INSTRUCTIONS TO FOLLOW =
Reproduce the listing word for word, leaving every picture behind.

PROVIDED DATA =
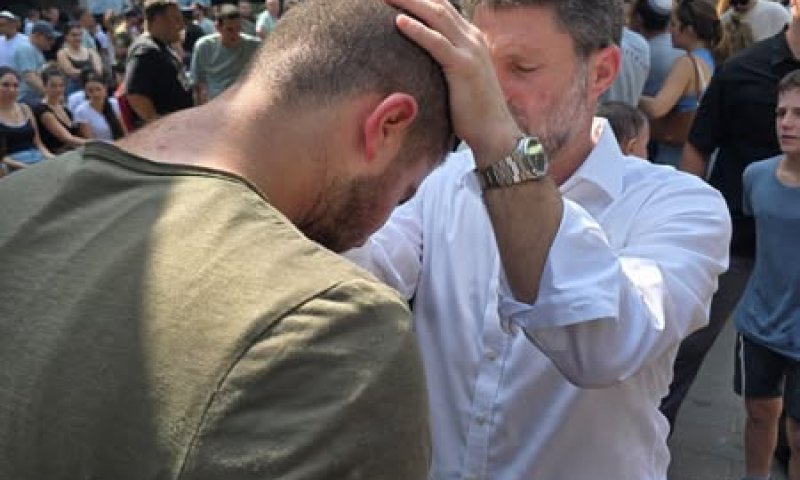 בליווי הוריהם: הבנים של השרים הסרוגים התגייסו לגבעתי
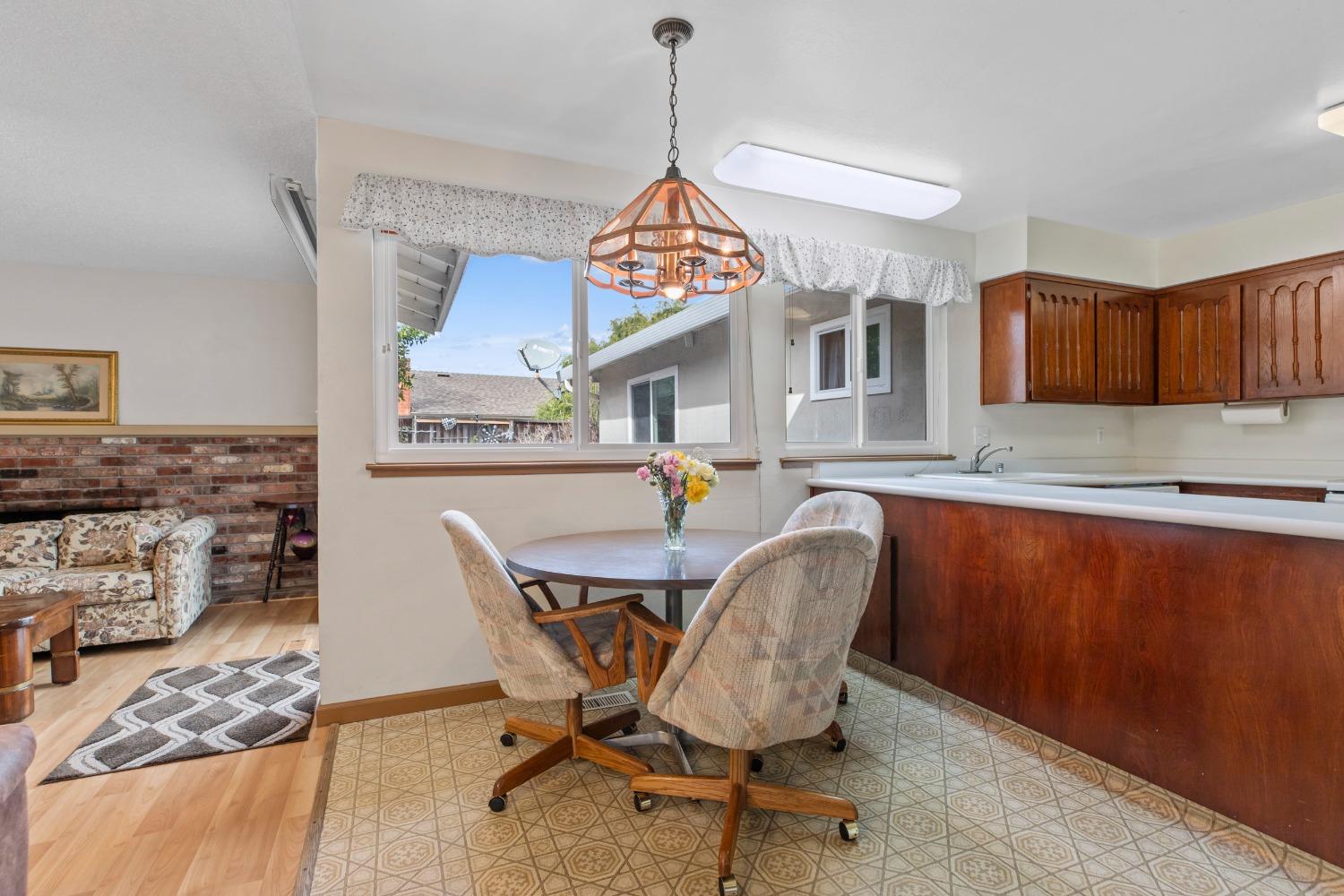 2575 Cherrywood Drive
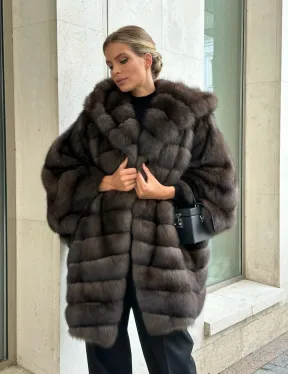 Эффектный жакет из меха соболя с капюшоном седина 1/2 - фото 2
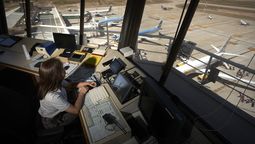 Una medida de fuerza intempestiva de los controladores aéreos causaría un daño irreparable al sistema y al turismo nacional, advirtieron.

SOLUTION BELOW =
 בליווי הוריהם: הבנים של השרים הסרוגים התגייסו לגבעתי
 2575 Cherrywood Drive
 Эффектный жакет из меха соболя с капюшоном седина 1/2 - фото 2
 Una medida de fuerza intempestiva de los controladores aéreos causaría un daño irreparable al sistema y al turismo nacional, advirtieron.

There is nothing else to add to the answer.